The "2d" after the L. Ed. signifies the second series of the Lawyers' Edition. United States case reporters are sequentially numbered, but the volume number is never higher than 999. When volume 1,000 is reached, the volume number is reset to 1 and a "2d" is appended after the reporter's abbreviation (American lawyers have a tradition of using "2d" and "3d" rather than "2nd" and "3rd"). Some case reporters are in their third series, and a few are approaching their fourth.
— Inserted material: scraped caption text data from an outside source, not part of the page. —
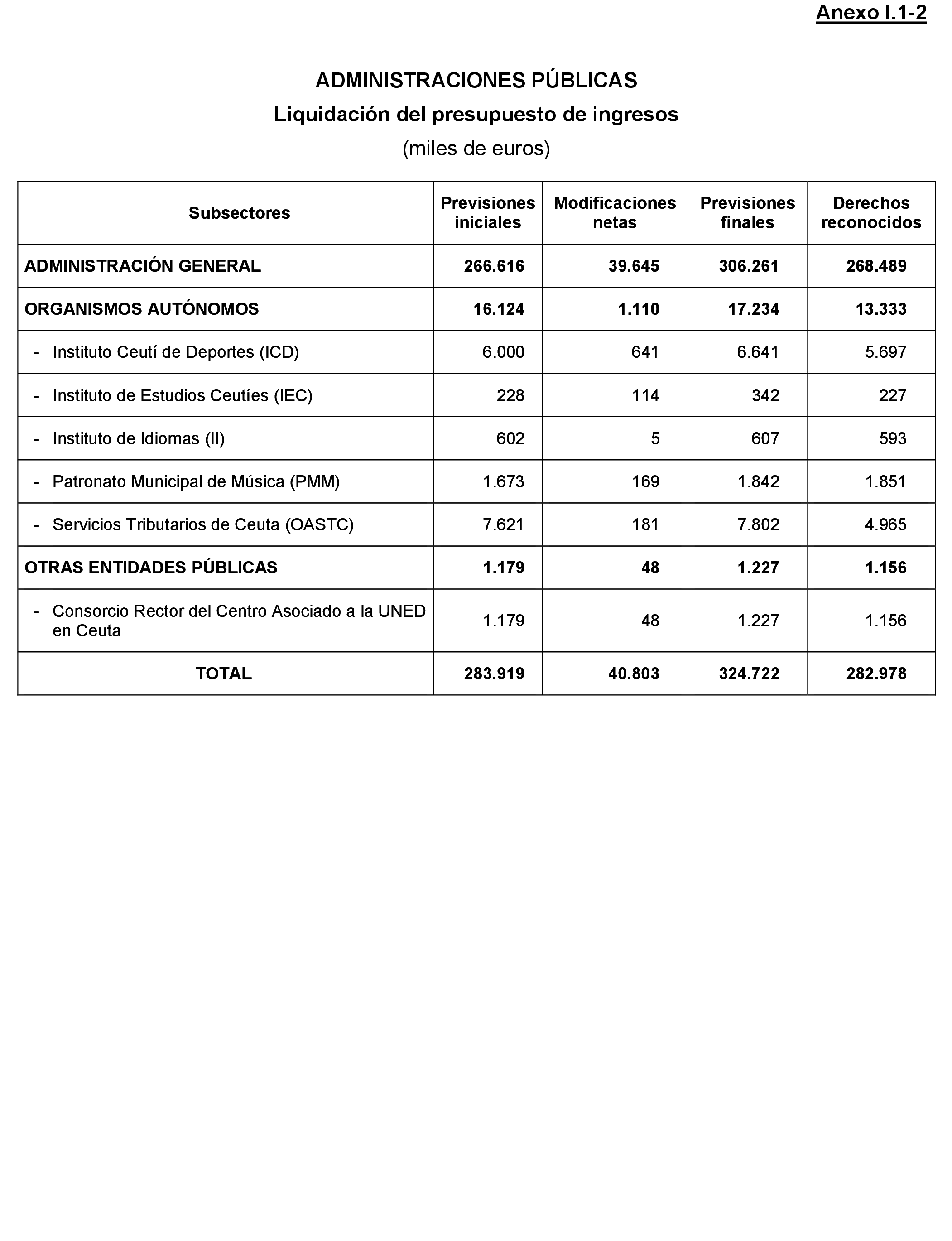 Imagen: /datos/imagenes/disp/2021/205/14249_10218504_117.png
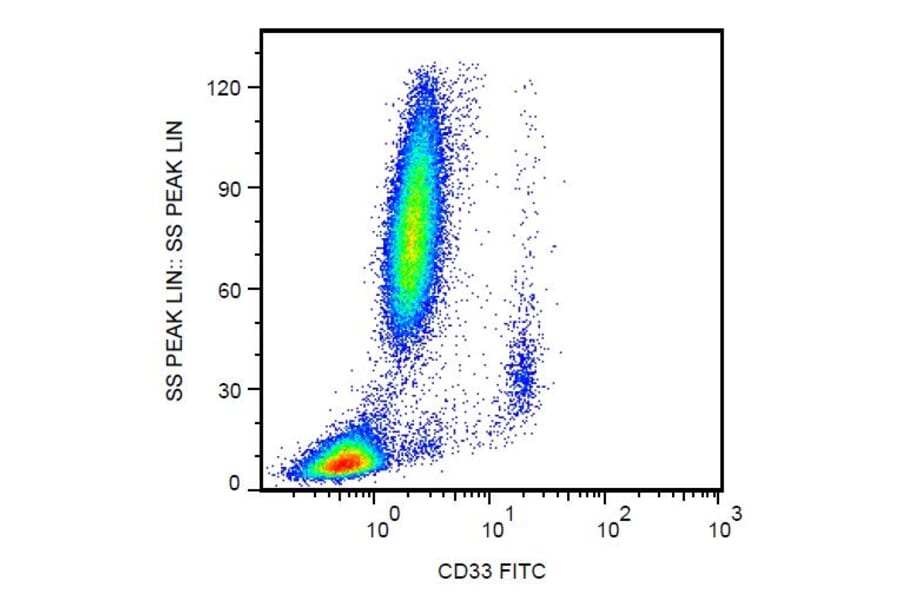 Flow Cytometry - Anti-CD33 Antibody [WM53] (FITC) (A85722) - Antibodies.com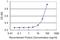 Large Tumor Suppressor Kinase 1 antibody, H00009113-M09, Novus Biologicals, Enzyme Linked Immunosorbent Assay image 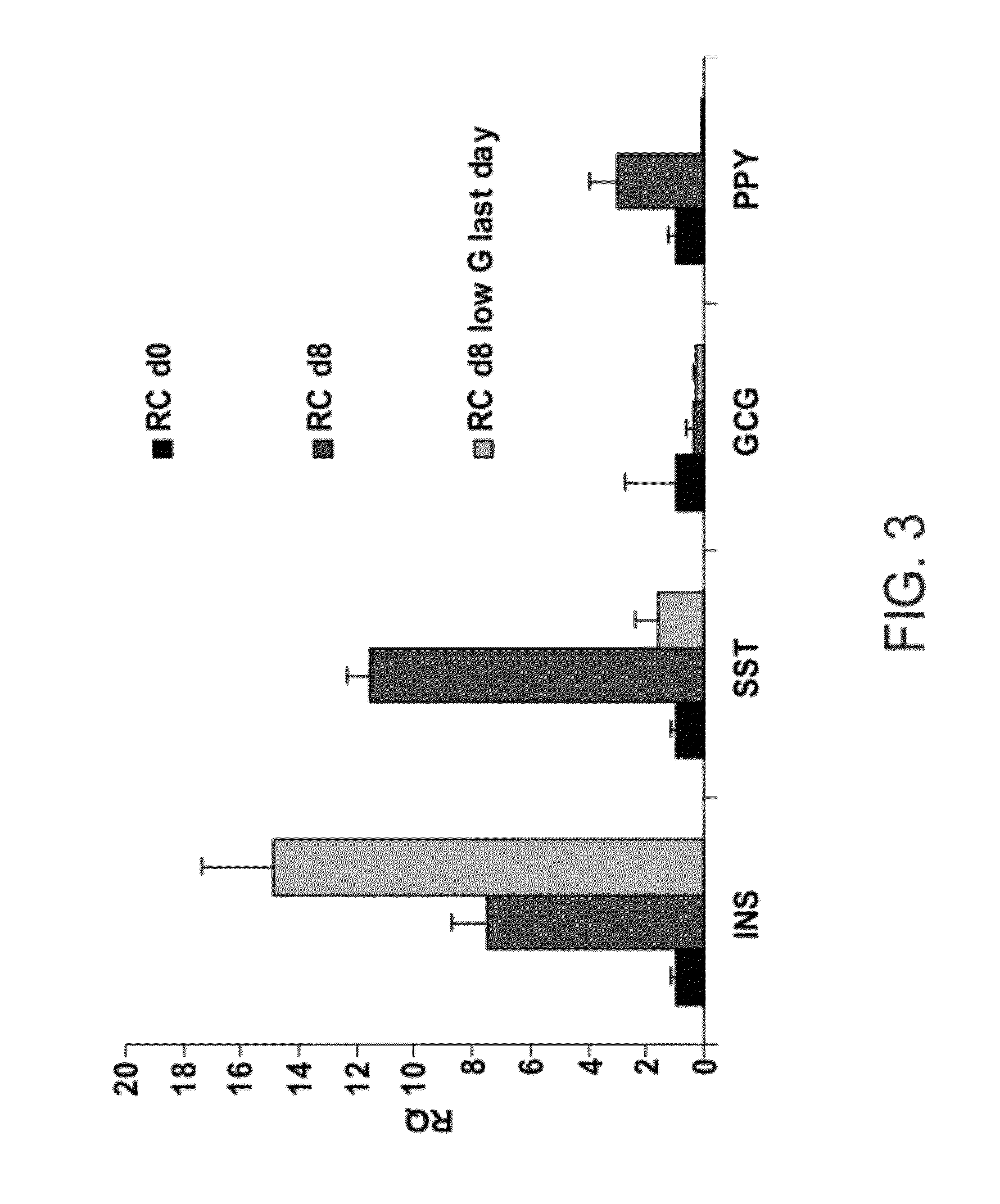 Methods of expanding and redifferentiating islet beta cells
Some very old Supreme Court cases have odd-looking citations, such as Marbury v. Madison, 5 U.S. (1 Cranch) 137 (1803). The "(1 Cranch)" refers to the fact that, before there was an official court reporter, cases were gathered, bound together, and sold by private individuals who had contracted with the Court for the right to do so. In this case, the case was first reported in an edition by William Cranch, who was responsible for publishing Supreme Court reports from 1801 to 1815. Such reports, named for the individual who gathered them, existed from 1790 to 1874.

Lower federal courts

United States court of appeals cases are published in the Federal Reporter (F., F.2d, or F.3d). United States district court cases are published in the Federal Supplement (F. Supp. or F. Supp. 2d). Both are published by the West Publishing Company; they are technically unofficial reporters, but have become widely accepted as the de facto "official" reporters of the lower federal courts because of the absence of a true official reporter.

When lower federal court opinions are cited, the citation usually includes the name of the court. This is placed in the parentheses immediately before the year. Some examples:

State courts

State court decisions are published in several places. Many states have their own state reporter, which publishes decisions of that state's highest court. These reporters have the same abbreviation as that state.
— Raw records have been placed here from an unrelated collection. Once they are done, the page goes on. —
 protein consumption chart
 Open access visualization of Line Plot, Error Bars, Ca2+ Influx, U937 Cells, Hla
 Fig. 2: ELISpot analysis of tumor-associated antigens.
In addition to the official reporters, West Publishing Company publishes several series of "regional reporters" which cover several states each. These include the North Eastern Reporter, Atlantic Reporter, South Eastern Reporter, South Western Reporter, North Western Reporter, and Pacific Reporter. California, Illinois, and New York also each have their own line of West reporters, because of the large volume of cases generated in those states. Some smaller states (like South Dakota) have stopped publishing their own official reporters, and instead have certified the appropriate West regional reporter as their "official" reporter.
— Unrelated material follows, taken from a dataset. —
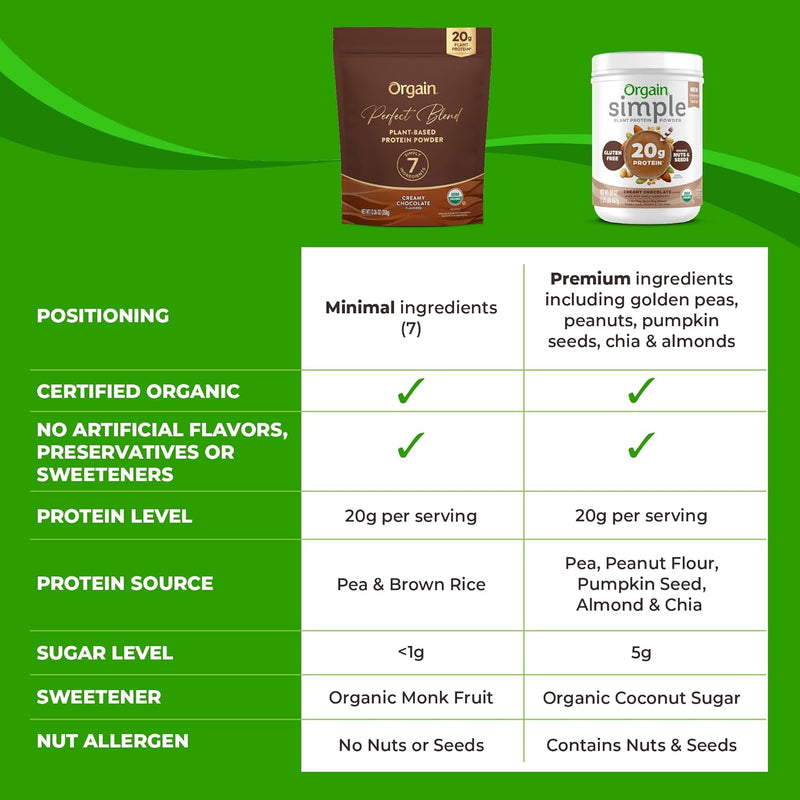 orgain-organic-vegan-perfect-blend-protein-powder--8.jpg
Here are some examples of how to cite West reporters:

  • Jackson v. Commonwealth, 583 S.E.2d 780 (Va. Ct. App. 2003) - a case in the Virginia Court of Appeals (an intermediate appellate court) published in the South Eastern Reporter
  • Foxworth v. Maddox, 137 So. 161 (Fla. 1931) - a case in the Florida Supreme Court published in the Southern Reporter
  • People v. Brown, 282 N.Y.S.2d 497 (1967) - a case in the New York Court of Appeals (New York's highest court) published in the New York Supplement. The case also appears in West's regional reporter: People v. Brown, 229 N.E.2d 192 (N.Y. 1967).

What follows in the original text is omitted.